You make my point: they won't listen, at least not at this point in the game.
But that's exactly why it's futile to advocate lab type stuff, and stick with 
what's available to the mass market now. 
The mass market right now offers exactly two things:

a) stereo audio
b) custom apps though the various app stores.

And that means that any mass market solution must at this point be stereo 
compatible and may employ a custom playback app made available through the 
various app store channels.


> (Samsung and Amazon sell also a lot of smartphones and tablets, by the way. 
> If it i just about numbers, Samsungs sells actually more mobile phones...)

I use Apple as an example, because it's the dominant company in this field, 
while the rest are imitators and followers; not leaders. Who sells more devices 
also doesn't matter, what matters which devices are used. And if you e.g. look 
at the web traffic statistics you'll see how clearly Apple dominates that 
field. Apple is also the company with the bargaining power. So if they see 
surround as the future, they can make that future happen. Therefore, getting 
surround sound into their platform by means of a Trojan horse (like e.g. 
putting UHJ-encoded material into the iTunes store) is a start on that path.

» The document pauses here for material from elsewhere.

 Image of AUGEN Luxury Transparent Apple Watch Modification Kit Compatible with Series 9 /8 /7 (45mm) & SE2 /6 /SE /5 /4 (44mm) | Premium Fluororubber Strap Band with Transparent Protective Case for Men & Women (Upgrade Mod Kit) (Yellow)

> I am really angry about these postings. Look for surround in your local Apple 
> store, and if you find somen give us some news about. Otherwise, Apple and 
> their "fashionable" products are offtopic. (I don't see any relationship to 
> this thread, and even not to this audio list.)

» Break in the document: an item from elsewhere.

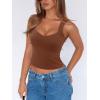 imageREORIA Womens Sexy V Neck Crop Tank Top Y2K Slim Going Out Top Double Lined Basic ShirtCoffee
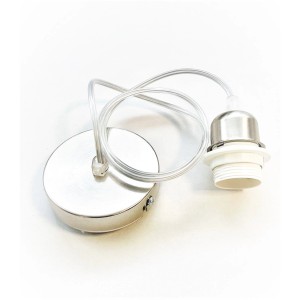 Set cavo per lampada con rosone e portalampada, color argento.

You're angry at reality. I'm not making these things up, nor do they constitute 
my ideal world. But I'm willing to face the reality and ask which small steps 
can we take to get from here to there by infiltrating what actual consumers 
use, rather than being preoccupied with lab experiments and boutique recordings 
that cater to a bunch of enthusiasts.
Nobody who matters (i.e. average consumer) is interested in a dorky 
head-tracking headphone setup that makes him/her look like a Borg from Star 
Trek.
Headphones are accessories that need to be fashionable, because people know 
they are going to be seen in public wearing them. That's reality. Get used to 
it. That's why stuff like Beats by Dr. Dre sells ("cool DJs have them") and 
nobody would want to be caught dead wearing top-notch studio head phones.